FIG. 6 depicts the view shown in FIG. 3 after the downhole tool 100 has rotated 270°, according to one or more embodiments. A fourth illustrative measurement may be taken after the downhole tool 100 has rotated 270° (i.e., θ=270°). When θ=270°, the total magnitude of the magnetic field M measured by the magnetometers 150 may be −Y. Of course, the embodiments illustrated in FIGS. 3-6 are merely illustrative, and other or additional measurements may be taken. Indeed, at other rotations (e.g., when θ=30°, 45°, 60°, etc.), the magnitude of the magnetic field M measured by the magnetometers 150 may be based on X and Y components.

A computing system (e.g., computing system 700 of FIG. 7) may receive the measurements and use the measurements to determine the orientation of the downhole tool 100 with respect to the known position of the magnets 126 and/or the magnetic field component 128. Although four measurements are shown and described with respect to a single revolution of the downhole tool 100 in FIGS. 3-6, it should be appreciated that a measurement may be taken each time the downhole tool 100 rotates from 0.01° to 90°. In more particular embodiments, measurements may be taken each time the downhole tool 100 rotates an amount within a range that includes a lower and/or upper limit that includes any of 0.01°, 0.05°, 0.1°, 0.5°, 1°, 5°, 10°, 20°, 30°, 45°, 60°, 90°, or values therebetween. Thus, the number of measurements taken by the magnetometers 150 per revolution of the downhole tool 100 may vary. For instance, the number of measurements per revolution may be from 1 (i.e., one measurement every 360°) to 36,000 (i.e., one measurement every 0.1°). More particularly, the number of measurements per revolution may be from 1 to 4, from 4 to 10, from 10 to 20, from 20 to 30, from 30 to 45, from 45 to 90, from 90 to 180, from 180 to 360, from 360 to 720, from 720 to 3,600, from 3,600 to 7,200, or from 7,200 to 36,000 or more. In at least one embodiment, the measurements may be taken continuously or substantially continuously. As should be appreciated in view of the disclosure herein, in other embodiments, less than one measurement per revolution may be made, or more than 36,000 measurements per full revolution may be made.

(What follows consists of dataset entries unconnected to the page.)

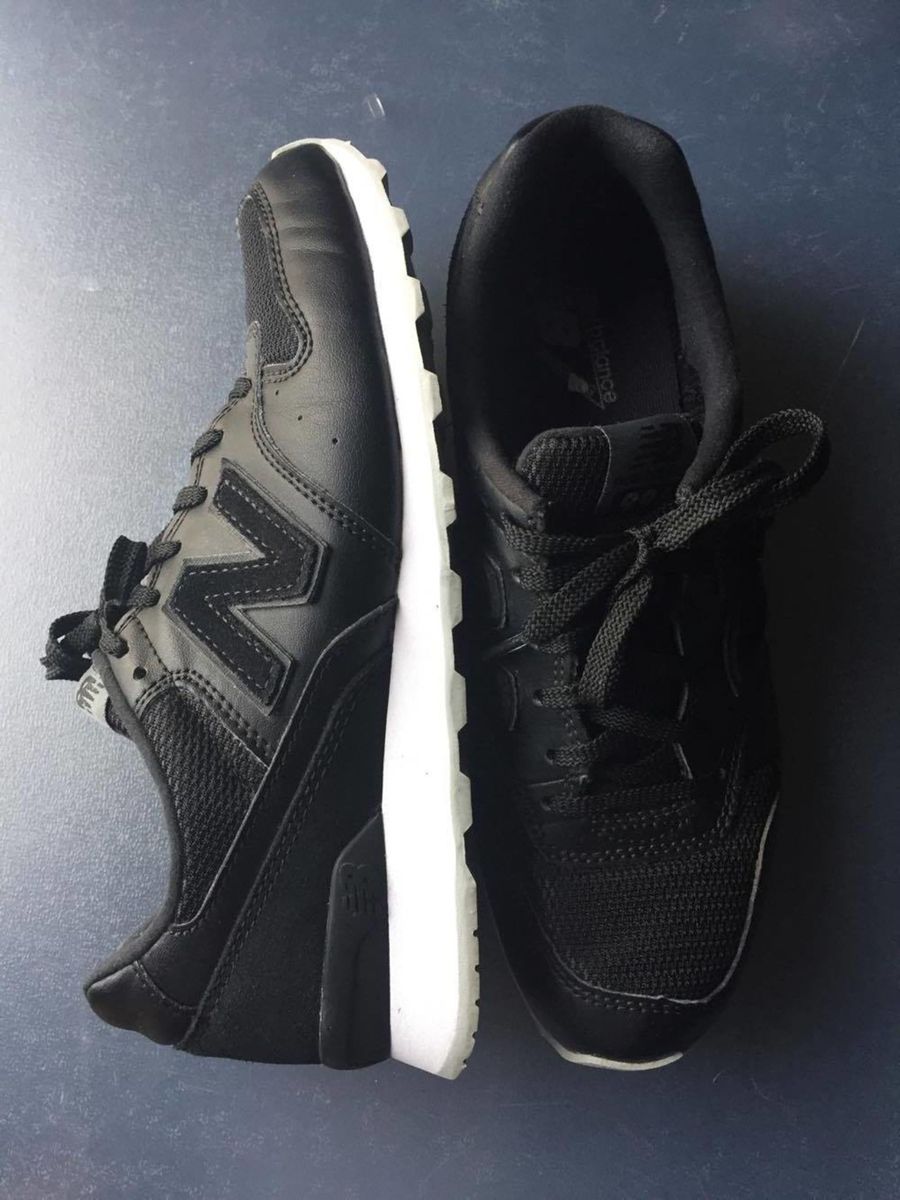 new balance 996 preto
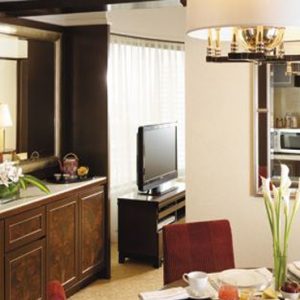 luxury Malaysia holiday Packages Shangri La Kuala Lumpur Executive Suite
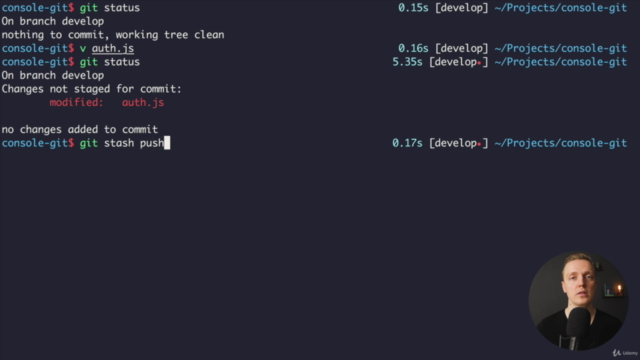 Git Training: Step-by-Step Guide to Git Version Control – Screenshot 2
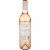 Waterbrook Sangiovese Washington Rose Wine Perspective: back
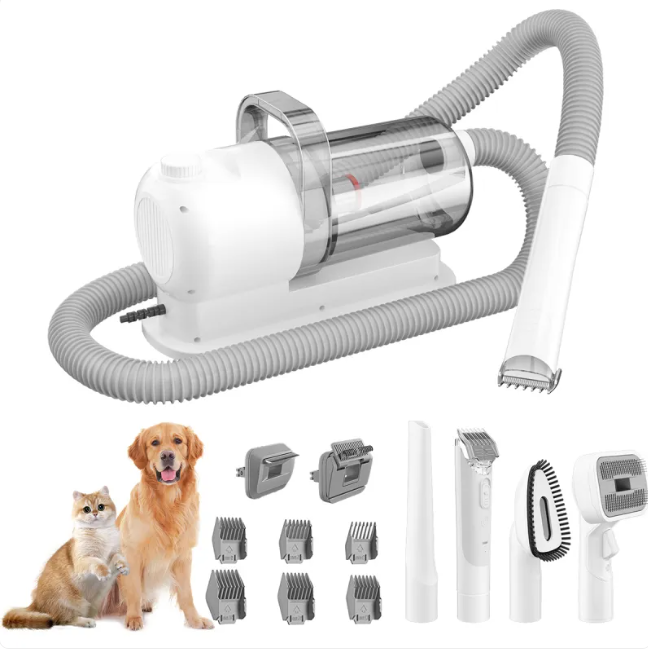 All-in-One Grooming & Vacuum System BEST SELLER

FIG. 7 is a schematic view of a computing system 700 that may be coupled to, and optionally located within, the downhole tool 100, according to one or more embodiments. The computing system 700 may be within the rotary steerable tool 140, within the MWD tool 160, or within the drilling bit 132 (see FIG. 2), or within another downhole component. The computing system 700 may also be distributed among multiple components. In at least some embodiments, the computing system 700 may be fully or partially located at the surface, at one or more remote surface locations, or at one or more remote downhole locations.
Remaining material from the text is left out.